Captioned web image data
------------------------------------------------------------

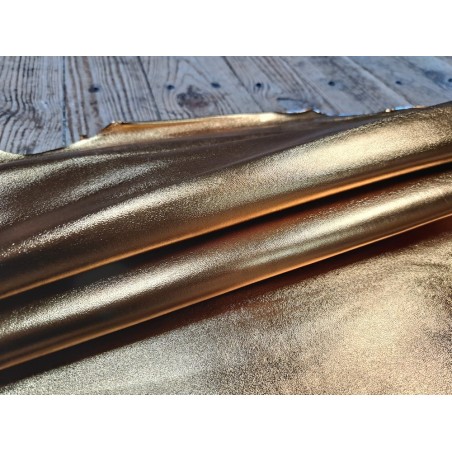 Peau de cuir de chèvre métallisé - metallic gold - Cuir en Stock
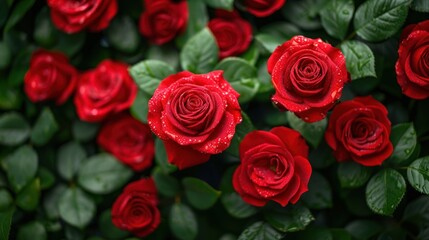 Obraz premium Close-up of beautiful red roses in full bloom, surrounded by lush green leaves. Perfect for romance, nature, and garden-themed projects.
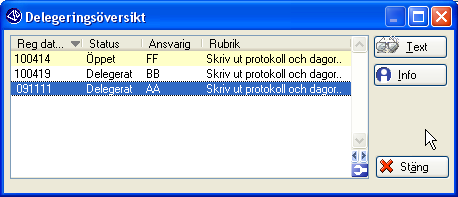 När Bo Berg inte har möjlighet att utföra uppgiften delegerar han i sin tur till Frida Frisk. En delegerad aktivitet som delegerats vidare visas i delegeringsöversikten.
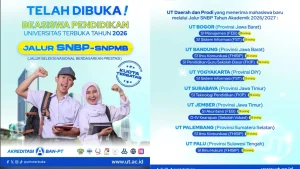 Universitas Terbuka Buka Beasiswa SNBP 2026 Kuliah Gratis 8 Semester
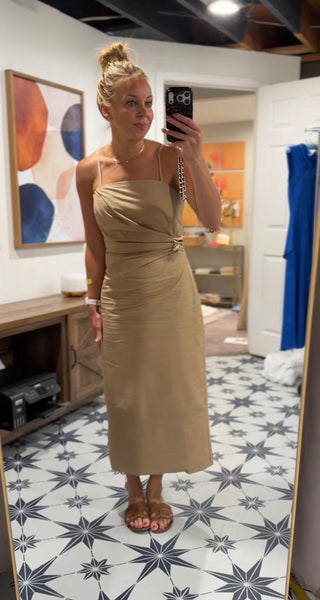 Mable Gathered Linen Dress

------------------------------------------------------------

GOAL OF THE EXERCISE
Your reply should be the entries above, repeated exactly and free of pictures.

EXPECTED ANSWER
 Peau de cuir de chèvre métallisé - metallic gold - Cuir en Stock
 Obraz premium Close-up of beautiful red roses in full bloom, surrounded by lush green leaves. Perfect for romance, nature, and garden-themed projects.
 När Bo Berg inte har möjlighet att utföra uppgiften delegerar han i sin tur till Frida Frisk. En delegerad aktivitet som delegerats vidare visas i delegeringsöversikten.
 Universitas Terbuka Buka Beasiswa SNBP 2026 Kuliah Gratis 8 Semester
 Mable Gathered Linen Dress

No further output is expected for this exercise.